Django has a series of methods available for user-provided validation of form data. These are exemplified in the app vib2, which is an extension of the vib1 app with additional code. (This other app needs of course registrations in settings.py and urls.py, similar to what we did for the vib1 app.)

Making sure that \( A>0 \) is easiest done with a built-in Django validator for minimum value checking:

class Input(models.Model):
    A = models.FloatField(
        verbose_name=' amplitude (m)', default=1.0,
        validators=[MinValueValidator(0)])

We can write our own validators, which are functions taking the value is the only argument and raising a ValidationError exception if the value is wrong.
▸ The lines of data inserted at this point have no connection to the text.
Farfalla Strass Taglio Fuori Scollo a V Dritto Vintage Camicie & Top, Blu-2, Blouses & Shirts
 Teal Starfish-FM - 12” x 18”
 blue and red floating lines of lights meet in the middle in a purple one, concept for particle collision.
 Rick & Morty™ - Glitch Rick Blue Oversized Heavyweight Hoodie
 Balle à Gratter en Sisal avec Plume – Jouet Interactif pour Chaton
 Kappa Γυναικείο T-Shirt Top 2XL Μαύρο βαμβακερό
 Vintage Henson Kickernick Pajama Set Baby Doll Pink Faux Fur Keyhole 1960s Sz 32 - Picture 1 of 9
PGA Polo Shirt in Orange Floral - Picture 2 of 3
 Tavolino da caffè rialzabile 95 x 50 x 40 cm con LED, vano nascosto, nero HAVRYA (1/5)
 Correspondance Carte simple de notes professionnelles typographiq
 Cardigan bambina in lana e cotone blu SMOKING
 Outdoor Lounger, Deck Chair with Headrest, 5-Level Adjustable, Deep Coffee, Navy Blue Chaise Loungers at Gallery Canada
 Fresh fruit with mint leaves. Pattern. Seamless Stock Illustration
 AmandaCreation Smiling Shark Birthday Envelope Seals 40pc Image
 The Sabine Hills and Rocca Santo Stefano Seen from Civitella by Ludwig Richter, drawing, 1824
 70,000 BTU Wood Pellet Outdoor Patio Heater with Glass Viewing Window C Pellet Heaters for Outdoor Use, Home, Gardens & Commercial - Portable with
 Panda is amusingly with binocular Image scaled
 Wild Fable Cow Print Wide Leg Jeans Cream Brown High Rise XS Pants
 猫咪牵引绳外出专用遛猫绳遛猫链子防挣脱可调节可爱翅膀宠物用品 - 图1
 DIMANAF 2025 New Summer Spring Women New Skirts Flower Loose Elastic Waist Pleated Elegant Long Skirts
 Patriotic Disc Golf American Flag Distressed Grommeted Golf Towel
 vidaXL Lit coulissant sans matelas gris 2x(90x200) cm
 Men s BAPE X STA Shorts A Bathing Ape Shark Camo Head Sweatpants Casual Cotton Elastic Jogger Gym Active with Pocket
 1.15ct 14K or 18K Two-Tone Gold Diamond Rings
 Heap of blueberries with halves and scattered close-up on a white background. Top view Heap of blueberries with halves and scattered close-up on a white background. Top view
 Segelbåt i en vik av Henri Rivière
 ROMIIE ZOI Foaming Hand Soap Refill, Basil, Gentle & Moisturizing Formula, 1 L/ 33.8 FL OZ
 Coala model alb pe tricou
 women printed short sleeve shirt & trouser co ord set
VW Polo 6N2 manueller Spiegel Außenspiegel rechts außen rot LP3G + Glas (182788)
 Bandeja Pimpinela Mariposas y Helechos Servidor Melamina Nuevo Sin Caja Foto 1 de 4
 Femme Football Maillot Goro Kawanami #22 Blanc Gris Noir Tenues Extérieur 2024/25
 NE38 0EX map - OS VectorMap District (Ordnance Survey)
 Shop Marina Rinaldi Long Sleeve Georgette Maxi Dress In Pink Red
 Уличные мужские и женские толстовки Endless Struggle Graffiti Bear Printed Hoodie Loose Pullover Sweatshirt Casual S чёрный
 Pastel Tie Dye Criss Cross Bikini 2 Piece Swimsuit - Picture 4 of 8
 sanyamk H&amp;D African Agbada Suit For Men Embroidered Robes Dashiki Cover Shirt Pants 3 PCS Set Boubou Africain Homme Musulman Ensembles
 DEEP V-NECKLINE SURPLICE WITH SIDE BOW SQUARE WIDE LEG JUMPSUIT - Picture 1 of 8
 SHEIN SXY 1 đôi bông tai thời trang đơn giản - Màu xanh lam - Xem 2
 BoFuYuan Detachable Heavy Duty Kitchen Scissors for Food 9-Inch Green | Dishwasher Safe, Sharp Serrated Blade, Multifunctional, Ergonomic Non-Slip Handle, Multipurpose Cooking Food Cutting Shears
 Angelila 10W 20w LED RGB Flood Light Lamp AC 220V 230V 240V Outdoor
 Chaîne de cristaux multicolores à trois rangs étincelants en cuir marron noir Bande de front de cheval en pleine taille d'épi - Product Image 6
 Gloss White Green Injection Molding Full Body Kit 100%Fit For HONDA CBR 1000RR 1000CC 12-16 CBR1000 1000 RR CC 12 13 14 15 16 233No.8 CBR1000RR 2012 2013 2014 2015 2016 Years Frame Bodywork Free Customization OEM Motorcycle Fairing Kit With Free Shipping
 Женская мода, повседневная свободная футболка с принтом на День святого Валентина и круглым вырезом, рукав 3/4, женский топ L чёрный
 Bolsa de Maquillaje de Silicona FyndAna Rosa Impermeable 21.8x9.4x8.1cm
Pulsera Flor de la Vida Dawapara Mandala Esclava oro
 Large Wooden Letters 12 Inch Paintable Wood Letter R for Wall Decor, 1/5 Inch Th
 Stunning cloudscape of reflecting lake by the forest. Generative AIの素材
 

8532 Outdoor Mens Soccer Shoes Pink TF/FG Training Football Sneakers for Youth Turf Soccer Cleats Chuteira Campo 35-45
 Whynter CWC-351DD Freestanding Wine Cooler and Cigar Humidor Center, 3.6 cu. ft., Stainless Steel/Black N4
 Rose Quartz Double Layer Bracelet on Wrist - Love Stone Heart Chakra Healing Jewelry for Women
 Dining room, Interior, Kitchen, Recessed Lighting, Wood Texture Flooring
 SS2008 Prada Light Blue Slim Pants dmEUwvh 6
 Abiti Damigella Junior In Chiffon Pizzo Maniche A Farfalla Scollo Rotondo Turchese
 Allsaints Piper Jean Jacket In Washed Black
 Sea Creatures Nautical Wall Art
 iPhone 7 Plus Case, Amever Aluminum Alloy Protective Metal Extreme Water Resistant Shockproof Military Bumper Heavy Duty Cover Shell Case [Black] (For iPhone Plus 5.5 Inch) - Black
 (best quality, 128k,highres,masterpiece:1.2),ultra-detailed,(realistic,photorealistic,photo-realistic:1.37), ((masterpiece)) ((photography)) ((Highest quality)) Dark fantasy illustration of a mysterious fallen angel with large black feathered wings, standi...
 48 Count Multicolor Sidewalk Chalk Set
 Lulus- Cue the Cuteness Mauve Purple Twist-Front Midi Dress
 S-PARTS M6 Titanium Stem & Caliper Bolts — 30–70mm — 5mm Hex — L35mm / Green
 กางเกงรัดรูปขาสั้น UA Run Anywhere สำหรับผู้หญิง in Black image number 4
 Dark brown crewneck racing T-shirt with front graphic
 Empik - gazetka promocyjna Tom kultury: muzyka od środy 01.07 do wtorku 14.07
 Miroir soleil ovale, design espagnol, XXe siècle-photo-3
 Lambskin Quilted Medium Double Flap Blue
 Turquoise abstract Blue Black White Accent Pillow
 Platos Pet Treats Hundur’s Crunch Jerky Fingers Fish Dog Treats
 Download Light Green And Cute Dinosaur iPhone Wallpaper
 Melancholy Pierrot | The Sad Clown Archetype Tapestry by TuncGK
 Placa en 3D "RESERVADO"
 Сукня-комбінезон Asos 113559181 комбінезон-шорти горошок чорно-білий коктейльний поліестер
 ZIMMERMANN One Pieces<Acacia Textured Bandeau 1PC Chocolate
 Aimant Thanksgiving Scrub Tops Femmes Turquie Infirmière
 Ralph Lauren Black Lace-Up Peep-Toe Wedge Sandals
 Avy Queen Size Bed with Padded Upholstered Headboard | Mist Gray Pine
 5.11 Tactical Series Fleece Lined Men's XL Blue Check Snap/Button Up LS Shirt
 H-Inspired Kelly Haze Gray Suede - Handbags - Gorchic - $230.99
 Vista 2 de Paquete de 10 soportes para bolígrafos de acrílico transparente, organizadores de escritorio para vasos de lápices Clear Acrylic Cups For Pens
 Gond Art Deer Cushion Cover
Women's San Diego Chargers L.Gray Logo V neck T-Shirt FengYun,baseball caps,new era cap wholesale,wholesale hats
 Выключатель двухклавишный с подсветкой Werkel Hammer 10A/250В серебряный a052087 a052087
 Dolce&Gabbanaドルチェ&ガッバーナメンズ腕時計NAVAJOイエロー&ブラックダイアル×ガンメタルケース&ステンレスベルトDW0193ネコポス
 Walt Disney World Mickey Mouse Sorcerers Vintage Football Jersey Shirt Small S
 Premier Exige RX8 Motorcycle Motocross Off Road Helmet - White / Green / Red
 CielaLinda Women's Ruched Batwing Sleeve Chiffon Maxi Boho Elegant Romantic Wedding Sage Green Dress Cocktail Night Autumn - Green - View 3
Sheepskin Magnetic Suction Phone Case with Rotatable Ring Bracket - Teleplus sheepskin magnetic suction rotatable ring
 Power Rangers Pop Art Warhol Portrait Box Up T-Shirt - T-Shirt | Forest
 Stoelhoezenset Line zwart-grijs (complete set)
Checking that a value is inside an interval can first be implemented by

def check_interval(value, min_value=None, max_value=None):
    """Validate that a value is inside an interval."""
    failure = False
    if min_value is not None:
        if value < min_value:
            failure = True
    if max_value is not None:
        if value > max_value:
            failure = True
    if failure:
        raise ValidationError(
            'value=%s not in [%s, %s]' %
            (value,
             '-infty' if min_value is None else str(min_value),
             'infty' if max_value is None else str(max_value)))
However, this function takes more than the value as argument. We therefore need to wrap it by a function with value as the only argument. The following utility returns such a function (see the section Custom validation for more explanation):

import functools

def interval(min_value=None, max_value=None):
    """Django-compatible interface to check_interval."""
    return functools.partial(
        check_interval, min_value=min_value, max_value=max_value)
Now, interval(0, 1) returns a function that takes value as its only argument and checks if it is inside \( [0,1] \). Such a function can be inserted in the validators list in the field constructor, here to tell that \( b \) must be in \( [0,\infty) \):

class Input(models.Model):
    ...
    b = models.FloatField(
        verbose_name=' damping coefficient (kg/s)', default=0.0,
        validators=[interval(0,None)])

A final example on custom validation is to avoid plotting more than 30 periods of the oscillating function \( u \). This translates to checking that \( T \) is geater than 30 periods, i.e., \( T>30\cdot 2\pi/w \). The task is done in the InputForm class, where any method clean_name can do validation and adjustment of the field name name. The code for a clean_T method goes as follows:

class InputForm(ModelForm):
    class Meta:
        model = Input

    def clean_T(self):
        T = self.cleaned_data['T']
        w = self.cleaned_data['w']
        period = 2*pi/w
        if T > 30*period:
            num_periods = int(round(T/period))
            raise ValidationError(
                'Cannot plot as much as %d periods! T < %.2f' %
                (num_periods, 30*period))
        return T
We refer to the vast Django documentation for many other ways of validating forms. The reader is encouraged to run the vib2 application and test out the validations we have implemented.

Customizing widgets

One will occasionally have full control of the layout of the individual elements in a web form. These are typeset inside input tags in HTML. Django associates the term widget with an HTML form field. To set the size (width) of the field and other properties, one must in Django specify a widgets dictionary in the form class. The key is the name of the parameter in the model class, while the value is a widget class name. Standard input fields for numbers and text apply the TextInput widget. An example on setting the size of the T field to a width of 10 characters goes like

from django.forms import TextInput

class InputForm(ModelForm):
    class Meta:
        model = Input
        widgets = {
            'T': TextInput(attrs={'size': 10}),
        }

At the time of this writing, Django does not yet support the many additional HTML5 input fields. Nevertheless, the parampool package gives access to HTML5 widgets in a Django context. We recommend to use parampool to automatically generate the necessary Django files, and then one can view the form class in the models.py file for how HTML5 widgets can be used in the definition of the widgets dictionary.